This study addresses the challenge of directly discovering governing equations of dynamical systems from observed trajectories, moving beyond mere state prediction to uncover intrinsic system structure. To this end, the authors propose a data-driven approach based on complex-valued product unit networks, whose outputs are sparse linear combinations of complex monomials. This method automatically learns nonlinear terms—including those with fractional or negative exponents—without requiring a pre-specified library of candidate functions, thereby overcoming a key limitation of traditional approaches such as SINDy. It represents the first end-to-end framework capable of identifying governing equations in the form of complex monomials. Evaluated on four chaotic systems, the method recovers the true equations with 70%–90% success rates, and when applied to real human gait signals, it generates stable trajectories with test errors as low as 12%–14% of the signal amplitude range.
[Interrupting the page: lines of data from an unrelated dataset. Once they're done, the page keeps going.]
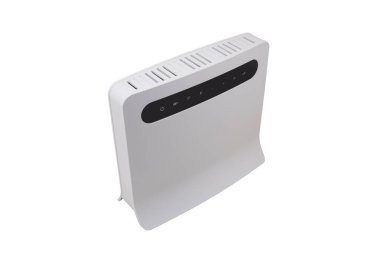 Kablosuz Wi-Fi yönlendirici beyaz arkaplanda izole edildi
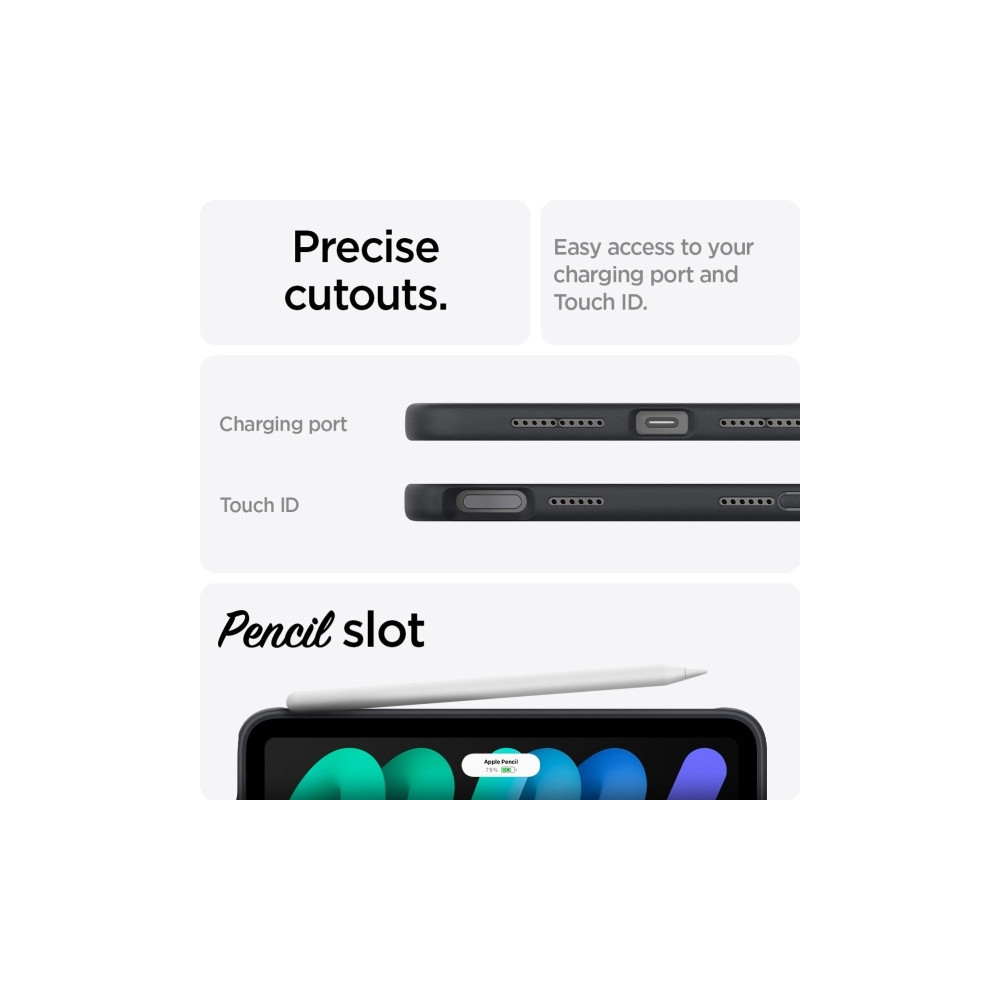 Produktbild för Spigen Nano Pop, Mobilskal, Apple, iPad Mini 7, 21,1 cm (8.3...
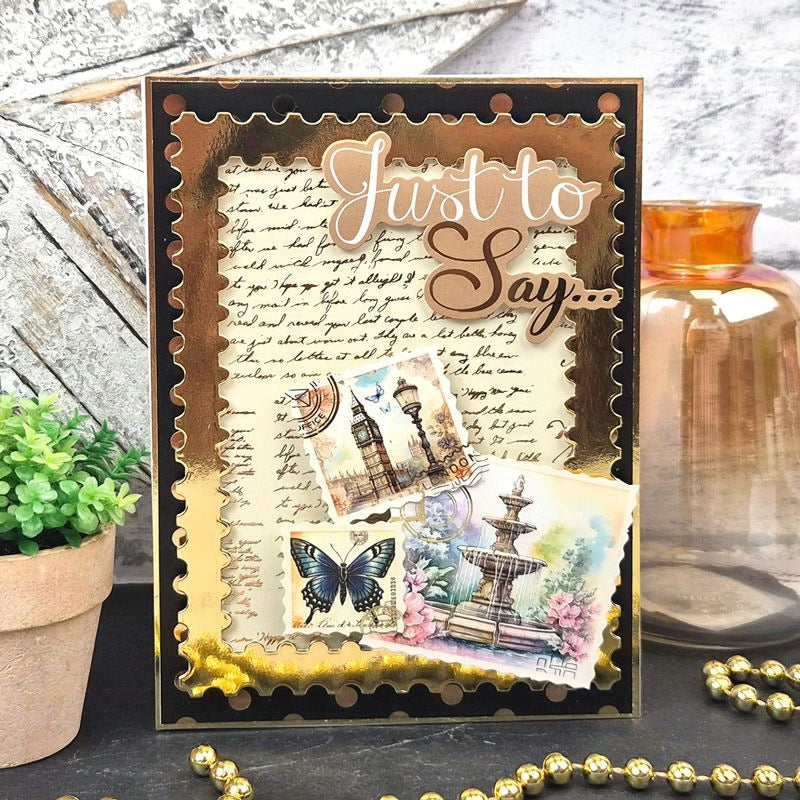 Fancy Foiled Paper Pad - Rich Gold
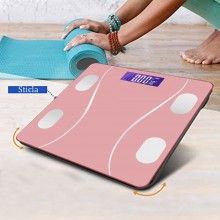 Cantar Electronic Inteligent De Baie SIKS Cu Aplicatie Smart, Corporal, Ecran Digital Iluminat, Termometru, Suporta Maxim 180... Cantar Electronic Inteligent De Baie SIKS Cu Aplicatie Smart, Corporal, Ecran Digital Iluminat, Termometru, Suporta Maxim 180...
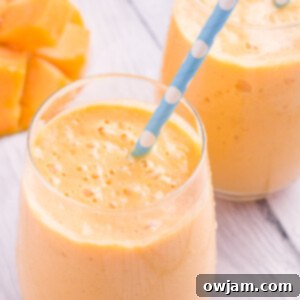 Mango Lassi Recipe in cup.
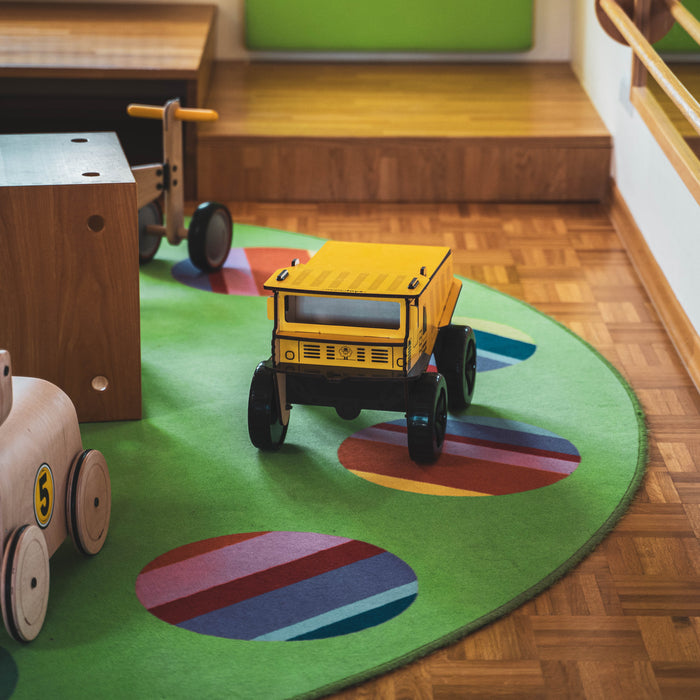 Mamatoyz BamBam Holz-Laster – 2-in-1 Holzspielzeug mit Stauraum ab 3 Jahren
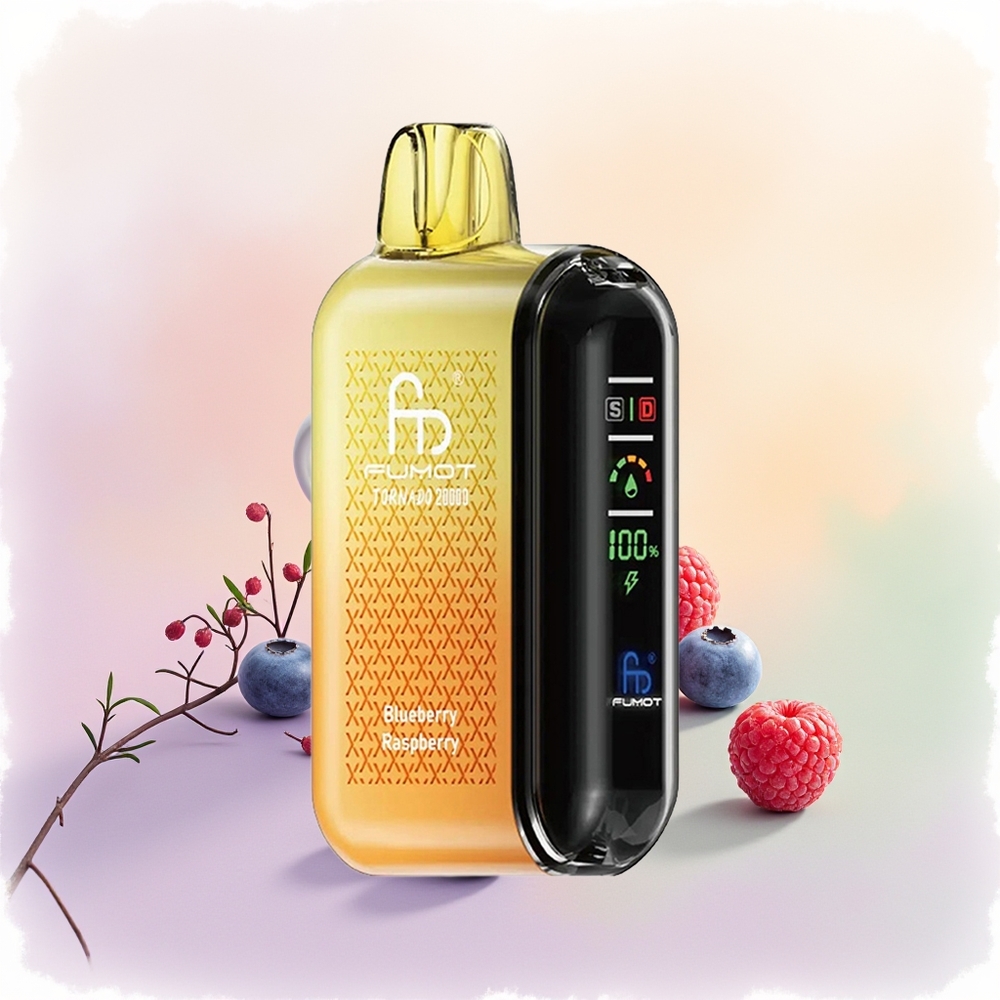 Fumot Tornado 20000 تُوت العُلّيْق والبلُوبِيري بِمِضَخَّة مزدوجة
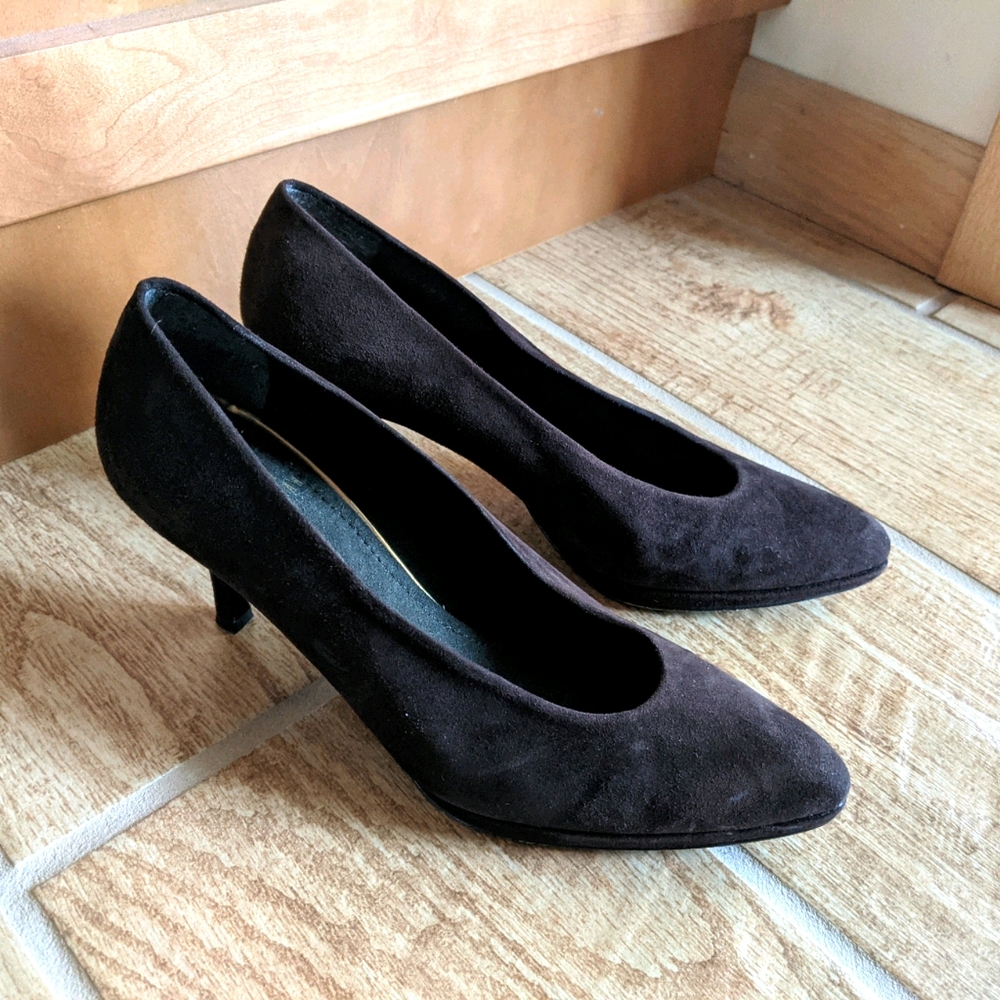 Stuart Weitzman suede high heels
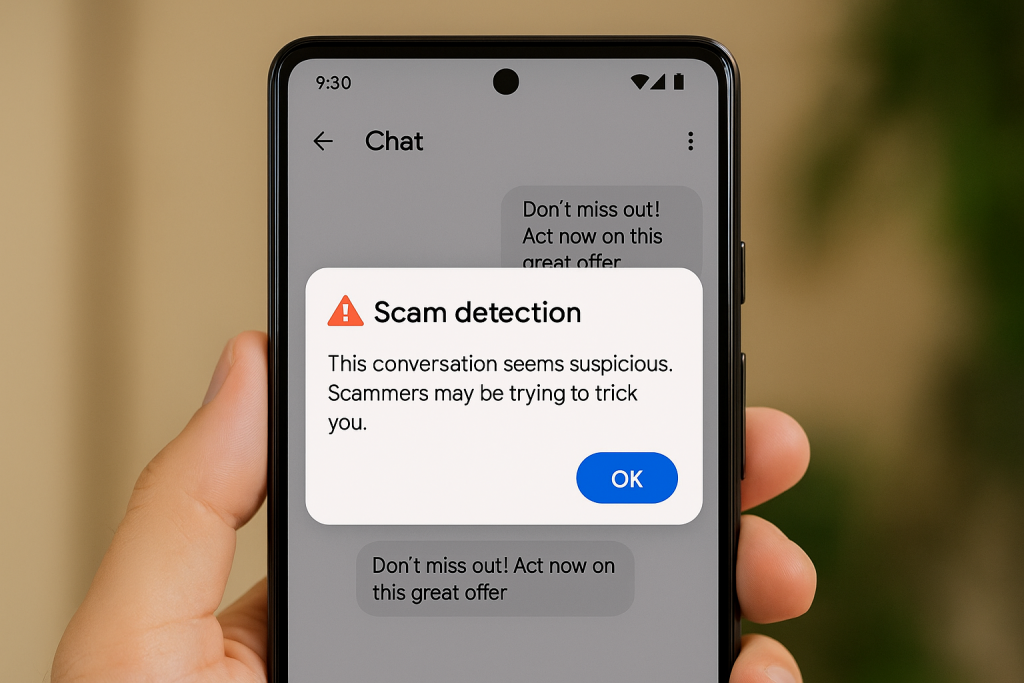 Pixel rileverà truffe anche nelle app chat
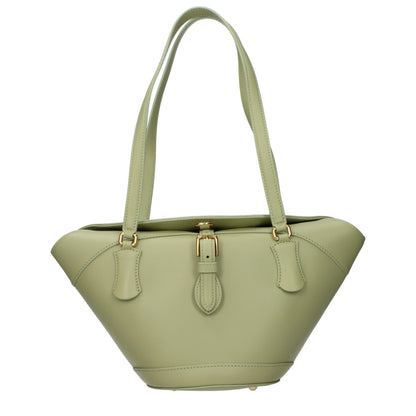 Dolce & Gabbana Grüne Schultertasche aus Leder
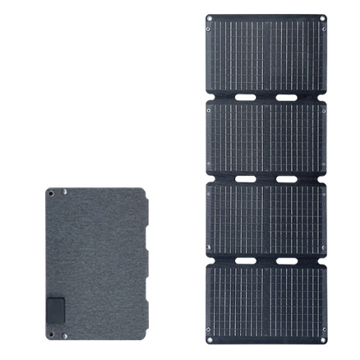 Foldable solar panel with USB output,  charger for camping, mobile phones and tablets, Power Bank B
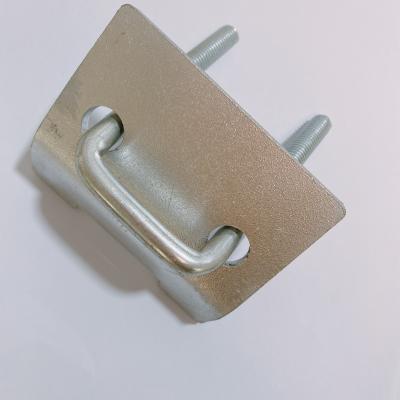 China Galvanized M8 M10 U Bolt SS Beam Clamps Polishing Custom U 3 Inch Clamp for sale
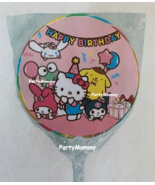 Hello Kitty Stickers Favors Labels Tags Birthday Party  2.5&quot; (12) Round - $7.49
Discovering the governing equations of a dynamical system from observed trajectories provides deeper insight into its structure than mere prediction of future states. We present a data-driven approach to model discovery based on complex-valued product-unit networks, in which each unit represents a complex monomial and the network output is a sparse linear combination of such monomials. In contrast to established library-based methods such as SINDy, our approach does not require a predefined set of candidate functions: the relevant monomials, including those with fractional or negative exponents, are learned directly from data. Across four chaotic benchmark systems (Lorenz63, Lorenz84, the Four-Wing attractor, and a fractional variant of Lorenz63), we recover the exact governing equations in 90% of trials for the first three systems, and in 70-90% of trials for the fractional case, using at least 3000 training points. Applied to real-world human-gait accelerometer signals, the model produced stable trajectories with bounded prediction errors, corresponding to an RMSE of approximately 12-14% of the signal amplitude range over a test horizon three times longer than the training interval, demonstrating its potential for high-dimensional systems in which analytic equations are unavailable.